Why There are No Good (or Bad) Atheists

David de Bruyn

July 2, 2026

handwithoutgod

It’s fairly easy to smoke out a half-atheist. A half-atheist is someone who loudly claims that there is no God, but keeps borrowing and using ideas and concepts from the Christian Bible.

The half-atheist, for example, believes some things are right, and some things are wrong. He objects to mass genocide, say. He believes no one should do that, which means it is a universal rule for everyone. He believes mass genocide is always wrong, in every situation, making it authoritatively binding for all humans. He believes people who commit mass genocide are guilty, should be stopped by others, should face justice, and should seek forgiveness and restitution.

In other words, the half-atheist believes in some objective moral values.

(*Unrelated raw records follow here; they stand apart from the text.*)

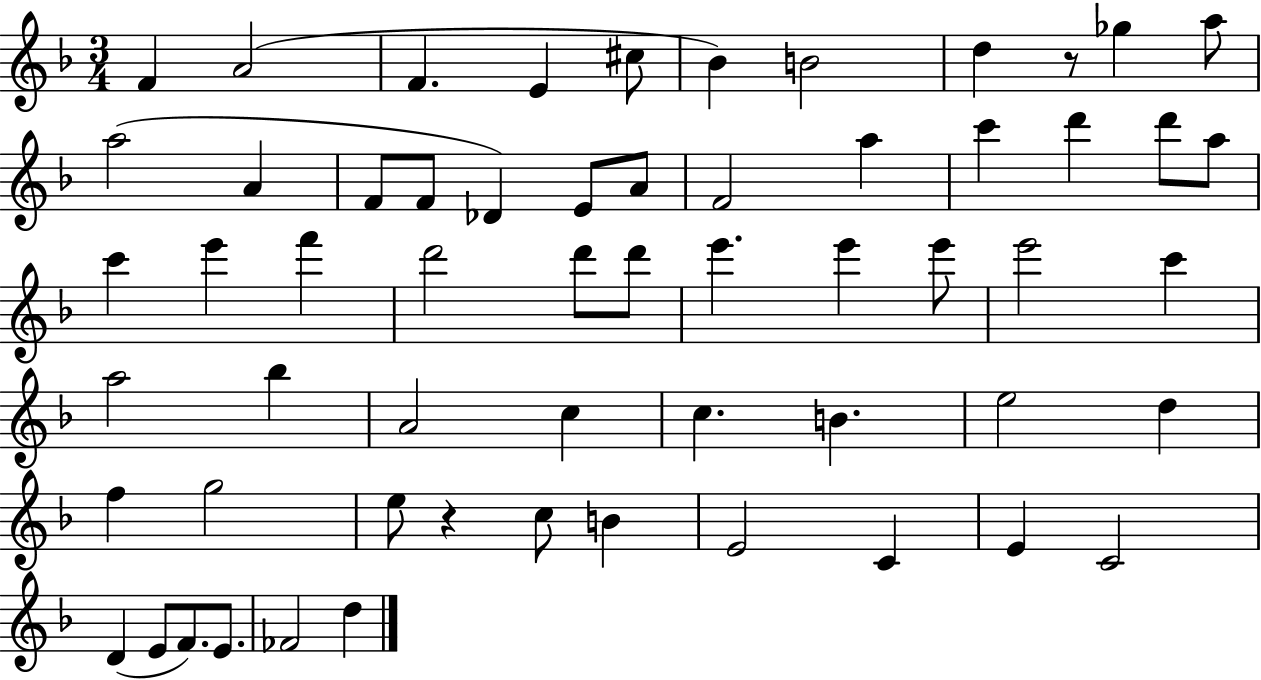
F4/q A4/h F4/q. E4/q C#5/e Bb4/q B4/h D5/q R/e Gb5/q A5/e A5/h A4/q F4/e F4/e Db4/q E4/e A4/e F4/h A5/q C6/q D6/q D6/e A5/e C6/q E6/q F6/q D6/h D6/e D6/e E6/q. E6/q E6/e E6/h C6/q A5/h Bb5/q A4/h C5/q C5/q. B4/q. E5/h D5/q F5/q G5/h E5/e R/q C5/e B4/q E4/h C4/q E4/q C4/h D4/q E4/e F4/e. E4/e. FES4/h D5/q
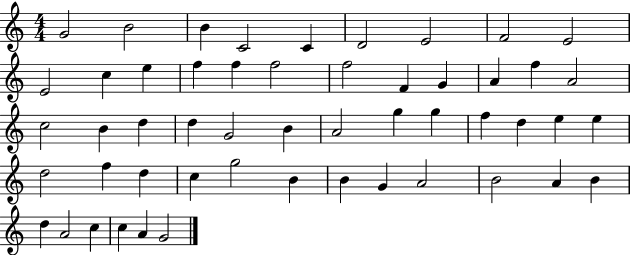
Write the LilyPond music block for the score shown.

{
  \clef treble
  \numericTimeSignature
  \time 4/4
  \key c \major
  g'2 b'2 | b'4 c'2 c'4 | d'2 e'2 | f'2 e'2 | \break e'2 c''4 e''4 | f''4 f''4 f''2 | f''2 f'4 g'4 | a'4 f''4 a'2 | \break c''2 b'4 d''4 | d''4 g'2 b'4 | a'2 g''4 g''4 | f''4 d''4 e''4 e''4 | \break d''2 f''4 d''4 | c''4 g''2 b'4 | b'4 g'4 a'2 | b'2 a'4 b'4 | \break d''4 a'2 c''4 | c''4 a'4 g'2 | \bar "|."
}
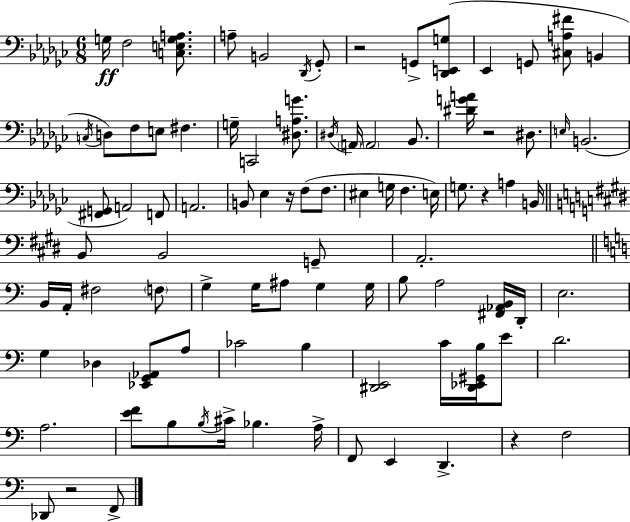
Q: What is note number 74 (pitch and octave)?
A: Db2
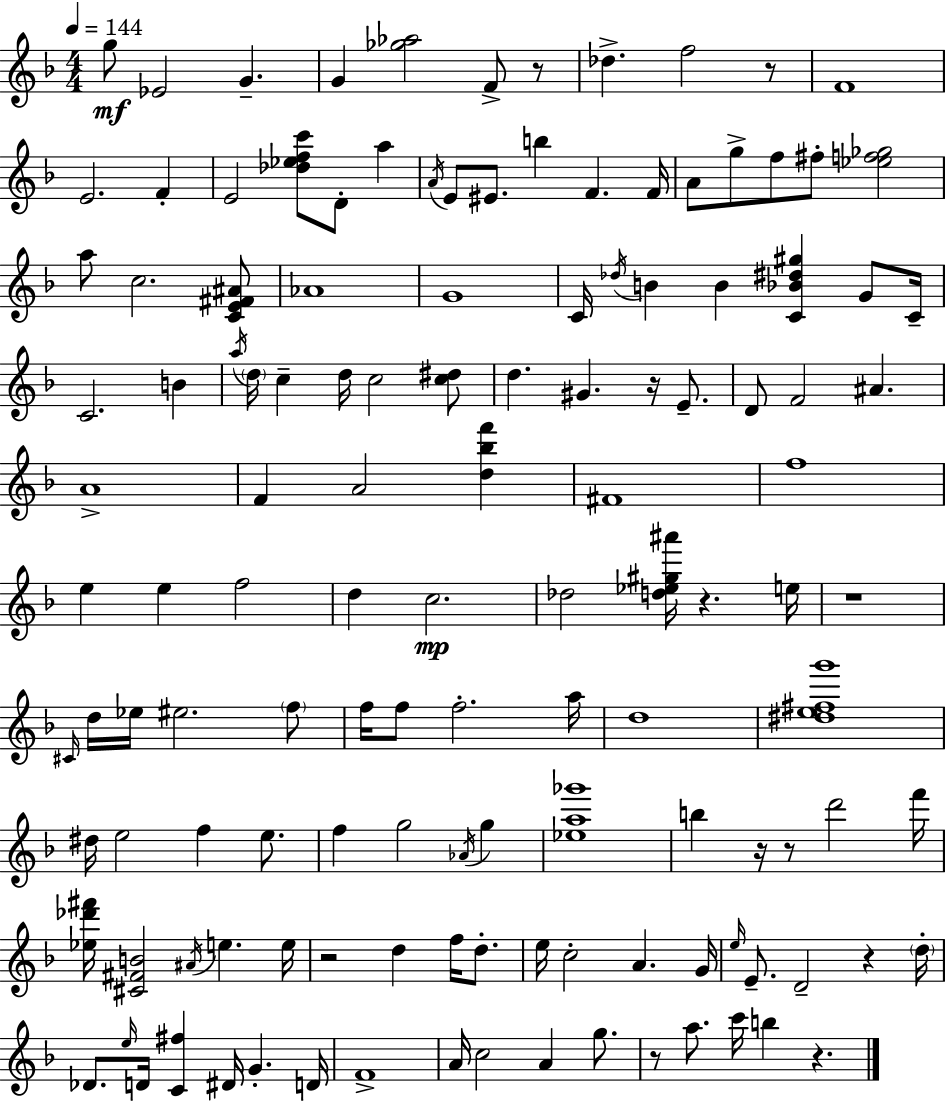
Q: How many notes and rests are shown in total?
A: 131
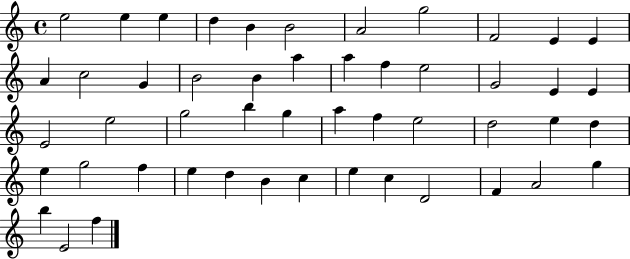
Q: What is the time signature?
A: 4/4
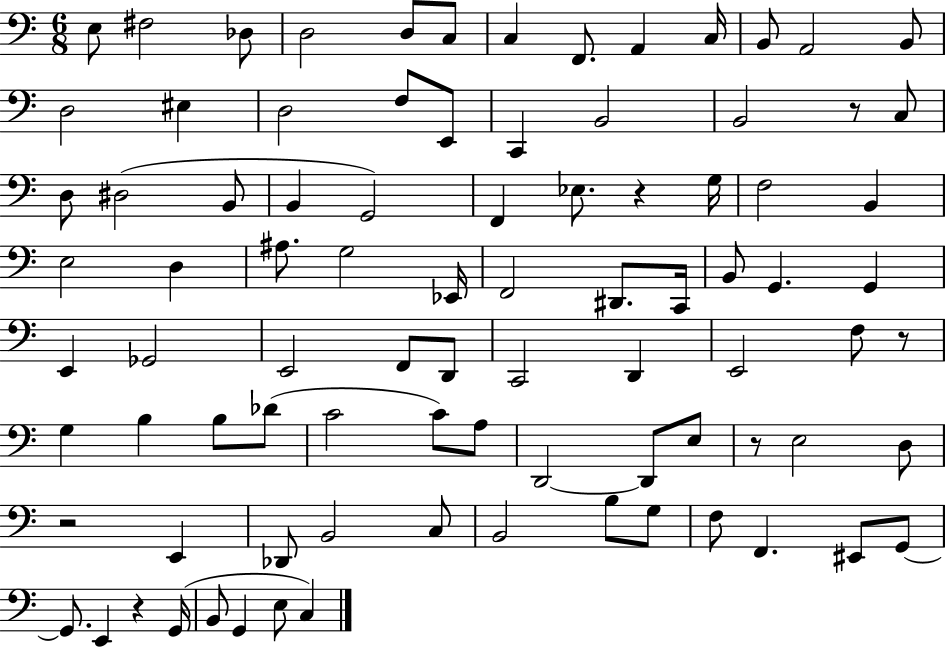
E3/e F#3/h Db3/e D3/h D3/e C3/e C3/q F2/e. A2/q C3/s B2/e A2/h B2/e D3/h EIS3/q D3/h F3/e E2/e C2/q B2/h B2/h R/e C3/e D3/e D#3/h B2/e B2/q G2/h F2/q Eb3/e. R/q G3/s F3/h B2/q E3/h D3/q A#3/e. G3/h Eb2/s F2/h D#2/e. C2/s B2/e G2/q. G2/q E2/q Gb2/h E2/h F2/e D2/e C2/h D2/q E2/h F3/e R/e G3/q B3/q B3/e Db4/e C4/h C4/e A3/e D2/h D2/e E3/e R/e E3/h D3/e R/h E2/q Db2/e B2/h C3/e B2/h B3/e G3/e F3/e F2/q. EIS2/e G2/e G2/e. E2/q R/q G2/s B2/e G2/q E3/e C3/q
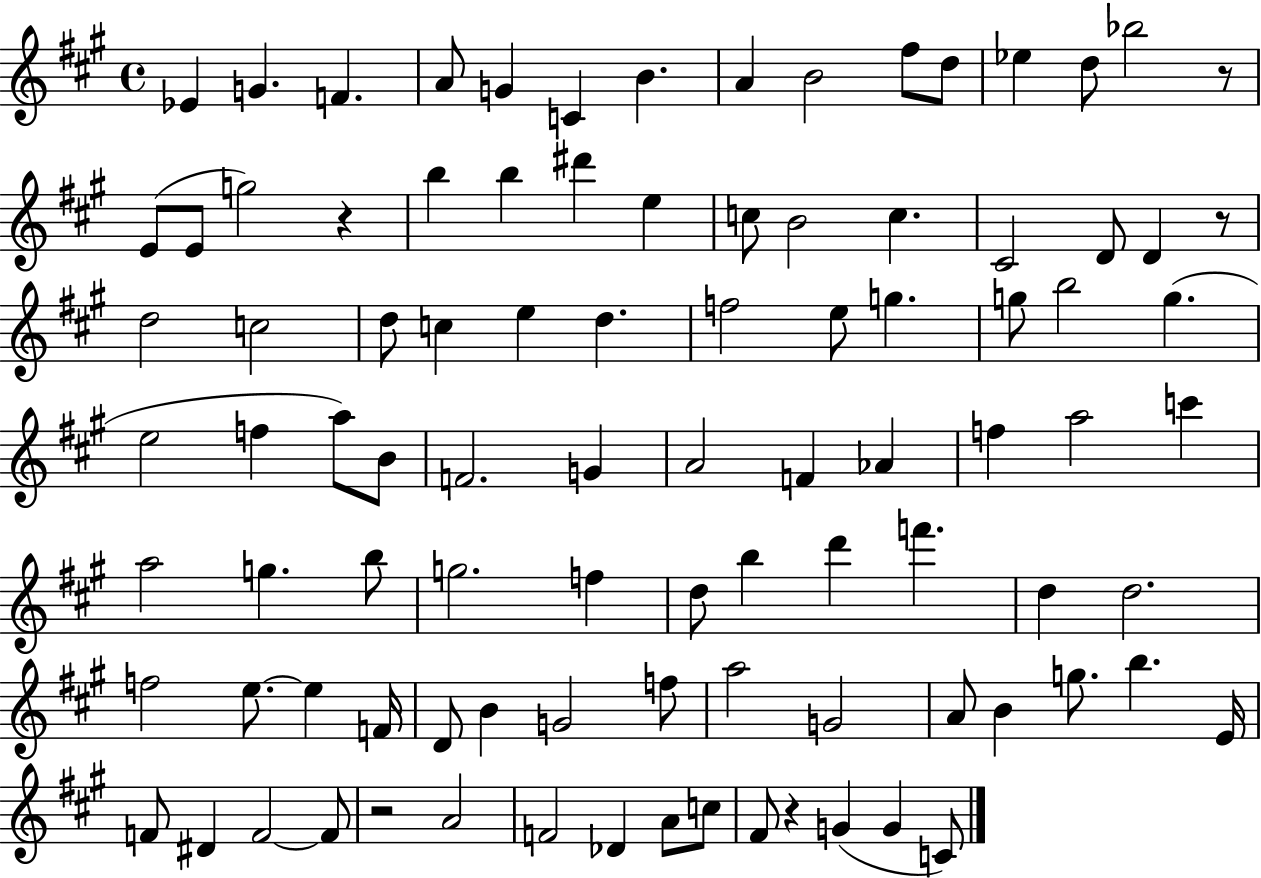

Some things are objectively wrong or right, which places an obligation on all people to avoid them or embrace them.

Now we’re actually very glad our half-atheist lives this way. It would be dark and chilling indeed to live with a man who thought mass genocide was an efficient way that nature culls out an over-supply of human beings. But the point is that his atheism did not give him objective moral values. He had to borrow them from a theistic worldview, which he claims he rejects.

An atheistic worldview usually embraces some form of naturalism. Naturalism believes the universe came to be through blind chance, life came about through accidental events, and life mutated through random selection. In this worldview, there is no right and wrong that binds all humans, any more than there could be rules for wolves, or commandments for sharks, or microbial etiquette. In a blind and dumb universe, there is no Lawgiver, so there are no laws. There is only the will to survive, and to eliminate those who compete with me for survival. You cannot say to any evolved creature, “You ought to…” There is no ought, where there is no Law. There is only what is.

But our half-atheist definitely believes some things are true, and some things are good. He might spend some time telling you that truth is person-relative, and morality and ethics are situational, but he’ll drop all that when you accuse him of butchering babies and eating them. His loud protestations will tell you he believes in truth, and his revulsion at the idea will tell you he believes in goodness.

What we want to ask our half-atheist friend is where he got these objective moral rules in a blind, material universe. Objective moral rules are universal, binding, authoritative, and personal. A naturalistic universe is impersonal, without authority, and therefore relativistic.

It is a theistic and, ultimately, biblical worldview that gives us a personal Creator, whose own nature is what we call “good”. Out of that nature has come rules and laws, found first in men’s consciences, and then in the written codes of Scripture. People with consciences, people with innate objections to certain behaviours, and cultures across the world with laws and rules and codes are exactly what we’d expect in a world made by a personal, moral God, who communicated something of Himself to human beings.

No, the presence of morality does not “prove” the triune God of the Bible, nor does it give us the Gospel. But since it coheres with a biblical view of humanity, it places the burden of proof back upon the atheist. We ask him, where does your morality come from? We Christians can easily explain it according to our worldview. But by what standard do you atheists say anything is “good” or “bad”? By what authority can you condemn any behaviour? By what code could you say, “I am a good person”? Your blind, random, amoral universe simply doesn’t care. So why should you?